No dia 22 de
abril de 1973, Carlos Droguett, em Santiago, inicia um romance, Matar a los
viejos que, talvez, diz Mauricio Ostria González em artigo publicado na
revista Alpha (Osorno, 1995) tenha querido ser um testemunho do
processo político vivido pelo Chile no Governo da Unidade Popular. Mas o golpe
do dia 11 de setembro daquele ano fez com que o romance se tornasse, então,
conforme palavras do ensaísta chileno, homenagem
e elegia ao povo sacrificado e, simultaneamente, vitupério e diatribe contra os
generais golpistas e seus sequazes.
Em
maio de 1980, em Paris, a obra ficaria concluída, porém só em abril de 2001
será publicada pela LOM de Santiago, o que foi considerado por um crítico
chileno ato de valentia, pois, nesses anos que transcorreram, nenhuma editora
aceitou publicar uma obra em cuja
dedicatória a Salvador Allende, constava, com todas as letras, os nomes de seus
assassinos. Mas, como leões mortos são leões inofensivos, a obra, agora é
publicada, cinco anos após o desaparecimento de seu autor, na Suíça, onde
vivera exilado após o golpe militar do Chile, em 1973. E com todas as letras
que ele escrevera. São quatrocentas e quarenta e sete páginas em corpo de letra
muito pequeno, divididas em vinte e cinco capítulos, cujas primeiras palavras
constituem os seus títulos.
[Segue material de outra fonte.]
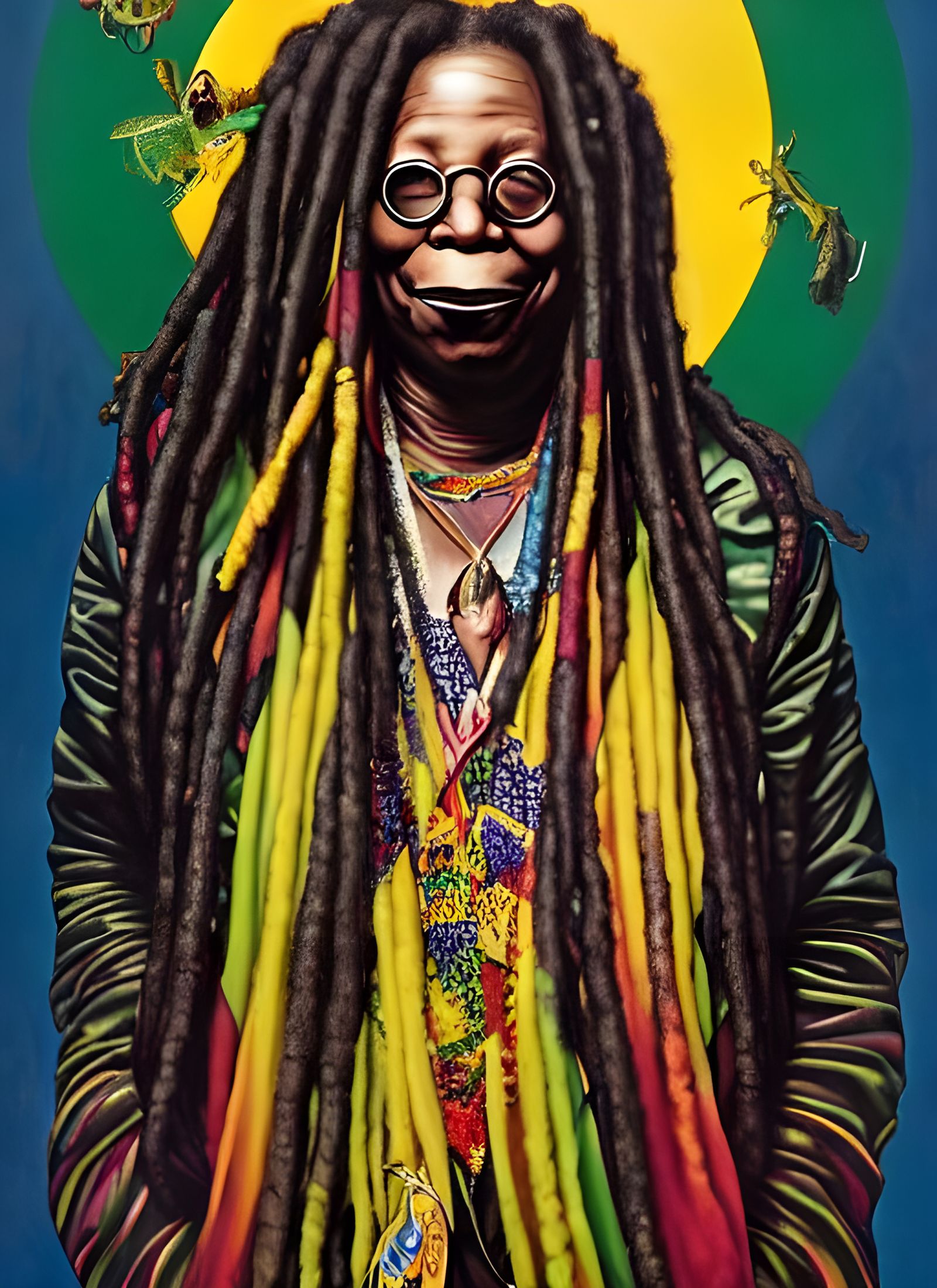 Rastafari Whoopi Goldberg in Photorealistic Style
Uma narrativa complexa, no melhor estilo de Carlos
Droguett – testemunho e profecia – feita de muitas histórias que aparecem imprecisas
e truncadas, alheias à cronologia e que pretendem não deixar perecer, no
olvido, os sofrimentos e as mortes que fizeram a História do Chile no período
negro, instaurado no dia 11 de setembro de 1973.
O
seu assunto, dir-se-ia, muito simples: em Santiago, os velhos são condenados à
morte. Um cadafalso é armado às margens do rio e recebe, cada dia, um punhado
daqueles que, de algum modo, foram cúmplices das injustiças que fizeram sofrer
os pobres do Chile. São arrebanhados por uma implacável caminhonete que os
conduz ao local, onde guardas chegam para disparar e deixar que seus corpos
caiam na correnteza: velhos autênticos,
bem vestidos e com suas digestões perfeitas, velhos elegantes[..]. Jamais
velhos pobres, o que parece normal, porque entre eles, os que não morriam de
tuberculose nas planícies do sul, eram eliminados, a pauladas, nas minas de
salitre e de carvão, nas estepes do Estreito de Magalhães, nos portos e nas
ruas conforme era necessário à política do momento.
E,
assim, a cidade vai ficando liberta dos velhos que a tinham minado desde 1500, povoando-a
por todos os lados, no comércio, na
indústria, nos bancos, na aduana, nas igrejas, nos teatros, nos trens, nos
aviões, nos ônibus [..], possuídos pelo vício,
o incenso e o aroma do cinismo. Ameaçados pela justiça e pela vingança dos
anjos exterminadores, tentam fugir, tentam se esconder nos lenocínios ou nas sacristias,
se fantasiam de velhas ou de leprosos intocáveis; buscam dissimular-se
atrás de máscaras, mas nada impede que sejam apanhados. Há o jornalista, explorado, às vezes, free-lancer outras, depois alcaiote da polícia política e
delator[...]; há o privilegiado,
o intocável que sempre saiu premiado
e indene dos atropelos, das catástrofes, das matanças, sempre com vida, com muita vida, sempre com dinheiro,
com muito dinheiro; há aqueles
que apenas queriam subir na vida e que, na sua inércia e na sua indiferença providencial tinham participado
anonimamente, lustros depois, no assassinato, por exemplo, da bonita Ramona
Parra, 21 anos, solteira, operária de uma fábrica de tecidos, baleada sem nojo e sem escrúpulos por um
tenente [...]. Causadores de sofrimentos, eles vão sendo executados e com o
seu desaparecimento, desaparece, também a pobreza.
Esperança
utópica que se depreende de um texto cruel na repetida constatação das maldades
e vilanias e falsidades do ser humano na sua busca inescrupulosa da riqueza e
do poder. Bela esperança e, certamente,vã ao acreditar ainda – e então o
título do romance passa a ter o seu exato sentido – que nos jovens poderá estar
a salvação. Se os anos não os conspurcassem. Talvez.